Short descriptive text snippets
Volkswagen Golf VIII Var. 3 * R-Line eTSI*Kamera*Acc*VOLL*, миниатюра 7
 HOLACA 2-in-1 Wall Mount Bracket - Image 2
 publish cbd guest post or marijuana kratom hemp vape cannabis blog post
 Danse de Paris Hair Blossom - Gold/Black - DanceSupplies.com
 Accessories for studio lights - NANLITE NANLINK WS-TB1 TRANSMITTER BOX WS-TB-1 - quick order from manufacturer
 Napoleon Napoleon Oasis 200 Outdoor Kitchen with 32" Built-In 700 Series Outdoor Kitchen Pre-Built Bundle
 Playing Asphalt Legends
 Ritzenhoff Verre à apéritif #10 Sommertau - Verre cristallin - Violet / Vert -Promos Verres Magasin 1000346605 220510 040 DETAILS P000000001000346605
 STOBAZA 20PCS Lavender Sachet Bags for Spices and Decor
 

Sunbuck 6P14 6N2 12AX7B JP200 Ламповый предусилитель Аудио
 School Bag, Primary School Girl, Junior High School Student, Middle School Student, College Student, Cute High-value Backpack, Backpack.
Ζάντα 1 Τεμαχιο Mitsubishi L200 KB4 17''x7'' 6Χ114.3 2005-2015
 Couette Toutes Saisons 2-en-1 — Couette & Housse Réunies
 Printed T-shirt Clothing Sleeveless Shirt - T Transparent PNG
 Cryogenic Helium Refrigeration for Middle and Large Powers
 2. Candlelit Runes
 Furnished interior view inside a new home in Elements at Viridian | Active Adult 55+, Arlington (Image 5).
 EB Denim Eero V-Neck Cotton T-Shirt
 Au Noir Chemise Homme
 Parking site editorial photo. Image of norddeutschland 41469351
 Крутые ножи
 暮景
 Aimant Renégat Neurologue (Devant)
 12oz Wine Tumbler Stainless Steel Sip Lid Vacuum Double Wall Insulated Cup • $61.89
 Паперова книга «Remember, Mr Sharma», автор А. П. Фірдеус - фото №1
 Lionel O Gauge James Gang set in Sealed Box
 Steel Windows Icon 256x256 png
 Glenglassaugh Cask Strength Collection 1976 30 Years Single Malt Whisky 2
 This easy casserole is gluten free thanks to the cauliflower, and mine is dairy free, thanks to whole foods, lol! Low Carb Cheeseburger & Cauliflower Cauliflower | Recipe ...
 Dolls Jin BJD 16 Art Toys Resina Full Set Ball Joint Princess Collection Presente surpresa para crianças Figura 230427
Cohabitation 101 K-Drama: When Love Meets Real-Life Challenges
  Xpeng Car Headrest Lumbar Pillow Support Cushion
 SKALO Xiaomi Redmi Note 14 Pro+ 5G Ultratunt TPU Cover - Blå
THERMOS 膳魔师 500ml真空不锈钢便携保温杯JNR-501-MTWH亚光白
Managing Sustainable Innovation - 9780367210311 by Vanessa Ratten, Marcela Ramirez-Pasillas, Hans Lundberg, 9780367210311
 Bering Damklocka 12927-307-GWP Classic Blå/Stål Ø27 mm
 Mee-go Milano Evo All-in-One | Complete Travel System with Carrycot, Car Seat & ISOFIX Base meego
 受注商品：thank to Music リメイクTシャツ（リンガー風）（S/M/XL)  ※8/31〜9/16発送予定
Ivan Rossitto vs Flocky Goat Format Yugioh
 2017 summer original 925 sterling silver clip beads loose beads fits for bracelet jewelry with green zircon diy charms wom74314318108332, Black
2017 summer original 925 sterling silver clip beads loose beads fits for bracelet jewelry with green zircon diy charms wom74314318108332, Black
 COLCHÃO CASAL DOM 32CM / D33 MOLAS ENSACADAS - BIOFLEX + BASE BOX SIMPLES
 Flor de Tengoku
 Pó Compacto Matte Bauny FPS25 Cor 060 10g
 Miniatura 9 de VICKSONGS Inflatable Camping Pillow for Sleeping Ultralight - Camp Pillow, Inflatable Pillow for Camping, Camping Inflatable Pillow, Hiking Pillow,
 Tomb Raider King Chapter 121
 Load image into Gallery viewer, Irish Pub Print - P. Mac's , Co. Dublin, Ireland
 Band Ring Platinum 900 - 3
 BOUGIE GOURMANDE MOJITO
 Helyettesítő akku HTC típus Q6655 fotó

(What the task asks)
Each line of the records above, from the first through the one containing "Danse de Paris", is to be retyped exactly; no other line belongs.

(Exercise solution)
Volkswagen Golf VIII Var. 3 * R-Line eTSI*Kamera*Acc*VOLL*, миниатюра 7
 HOLACA 2-in-1 Wall Mount Bracket - Image 2
 publish cbd guest post or marijuana kratom hemp vape cannabis blog post
 Danse de Paris Hair Blossom - Gold/Black - DanceSupplies.com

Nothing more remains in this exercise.